Secondly the very convenient high range zoom (18-1 +)cameras for advanced users (they can work pretty well) will not move into the large format chip DSLR world because the size of the glass and the weight of lens increases with the image size. Hence the very convenient all-in one-lens working on a small chip simply will not scale to a 4 thirds, or much less to a full frame chip.
Thirdly a digital viewfinder is no match for an optical SLR finder (and the viewfinder is a critically difference between ho-hum and good pictures). Period. It does not have the resolution, it does not show the shadings, it does not manage composition in exreme lighting situation. It simply does not work well, after using a true ground glass viewing screen, no LCD viewfinder looks good.
October 28, 2009 2:49 PM
I can't imagine professional photographers lining up near the end zone using pocket cameras to shoot their money pictures. If your predictions were true, they would have switched decades ago from film SLRs to film point-and-shoot cameras. They didn't. What makes us believe that they will switch from digital SLRs to digital point-and-shoot now? Death of digital SLR is an exaggeration.
October 28, 2009 2:53 PM
I was a dedicated film SLR user for many years, and although fascinated by DSLRs, never made the jump. Instead I used high end digital P&S cameras along with film for serious projects. I recently purchased a Cannon SX10 IS "superzoom" camera which gives me most of the capabilities of a DSLR along with a bag full of lenses for about 10% of the price. Although compact digitals may appeal to the mas market, I believe the superzoom type camera will appeal to the prosumer level and eventually gain popularity with people who want to do more than point and shoot without having to pay the price of a small car to get there.
October 28, 2009 2:58 PM
Ben, the oldest film SLR's used by news photographers didn't have any kind of exposure indicator. You either had to lug around an exposure meter (difficult to use with the winning touchdown headed towards you) or know that 1/1000 @f/11 was the correct exposure on a bright day and to open up a couple f/stops real quick when the sun went behind a cloud.
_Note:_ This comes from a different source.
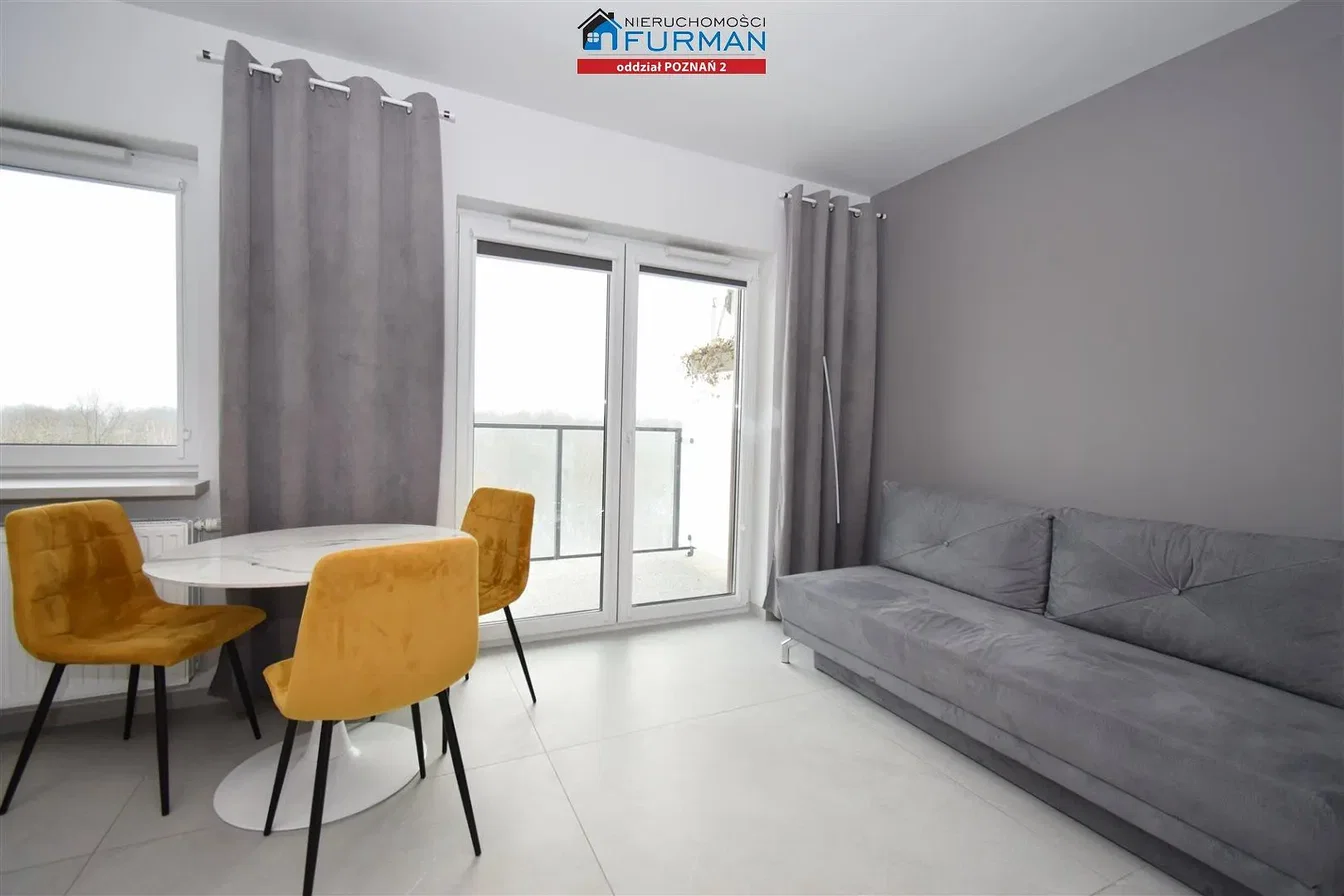 Salon; carrelage, vue, lumière naturelle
In an office, 1/30 @ f2/8 worked most times. All this with Kodak's 400-ASA Tri-X.
-- old wire service photog
October 28, 2009 3:03 PM
Actually it was Miranda has the first consumer priced autoexposure SLR around 1972-73.
October 28, 2009 3:06 PM
Interesting history, and very good points. Without quite realizing it, I have been searching for a "point and shoot"-sized camera that would take the same kind of high-quality pictures I can take with my DSLR. RAW would be nice too. And you are right that mostly I don't use the fancier aspects of my camera -- I carry a single lens (Tamron zoom) and mostly leave the heavy flash behind. Other than being able to bracket exposures for HDR, I don't use most of what my camera can do. I've been eyeing the new Olympus and Panasonic Micro 4/3 series, but would really rather have a nice compact camera with a big sensor. Hope you're right that those are coming.
October 28, 2009 3:15 PM
also related to sensor size, i believe, it the much better (less) shutter lagtime with the DSLR over P&S.
October 28, 2009 3:30 PM
I'll second the comments about an optical viewfinder. There have been numerous occasions when the lcd viewer on my pocket digital has completely washed out in bright daylight. Maybe if digitals start using oleds, that will be a different story, but at present, give me a BIG, bright, glass lens to look through. (Of course, that's a function of camera design, not type.)
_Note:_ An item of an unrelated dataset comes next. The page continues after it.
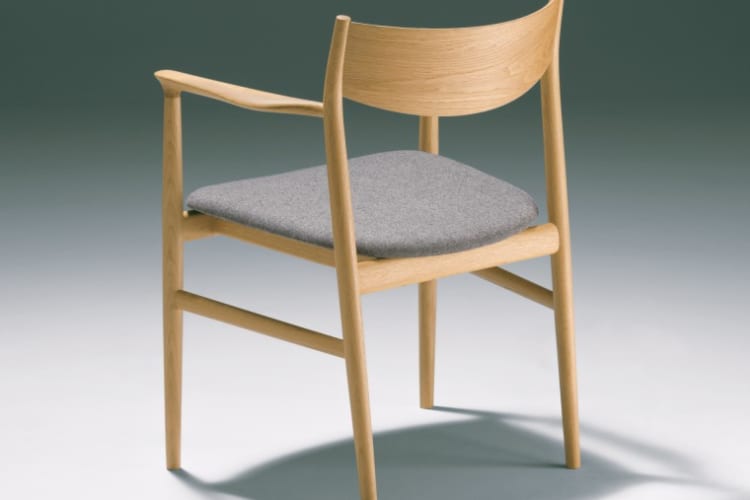 Karuka chair light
Also, I have yet to see a pocket camera that can truly perform equal to a full featured DSLR. They just don't handle the range of exposures, aperatures, focal lengths and image motion as well, no matter what their advertising claims are. That may eventually change with technology, but there will always be those who prefer manual control of their photography.
October 28, 2009 3:32 PM
What about shutter lag and autofocus speeds? While P&S digital cameras do well enough when you've got reasonably still objects, they do not do so well when trying to catch action. They also suffer from very slow shooting speeds vs. DSLR's.
I'm no pro, but I find my D90 extremely useful when I'm at one of my kids games trying to catch them hitting the ball, scoring a goal, or landing a kick. With P&S cameras, those moments a difficult to capture.
I think P&S cameras have their place and I carry one often. But, I think there is more than sensor size that needs to improve to make them replace SLRs.
October 28, 2009 3:57 PM
DSLR cameras , such as Canon and Nikon also have vastly better lenses than point and shoots, virtually no shutter lag, are able to take many consecutive shots per second without recovery time and handle a wide variety of lighting situations with ease.
October 28, 2009 4:27 PM
One size does not fit all.
For most people, a point and shoot (non-DSLR) does the job. However, if you are an avid photographer who wants to step out from the run-of-the-mill picture taking, then you begin to realize the limitations of P&S cameras.
1. Noise problems at ISO's above 200, resulting in unacceptable photos.
2. Less maximum frames per second for continuous shooting.
3. Limited ability to take good pictures in Sports mode which ramps up the ISO in order to stop the action. In low light, including indoor, settings this can will mean that the ISO is ramped up such the picture will be unacceptable due to excessive noise.
I use a DSLR and am contemplating buying a P&S camera for the convenience; however, because of the P&S's limitations, it will never completely replace my DSLR.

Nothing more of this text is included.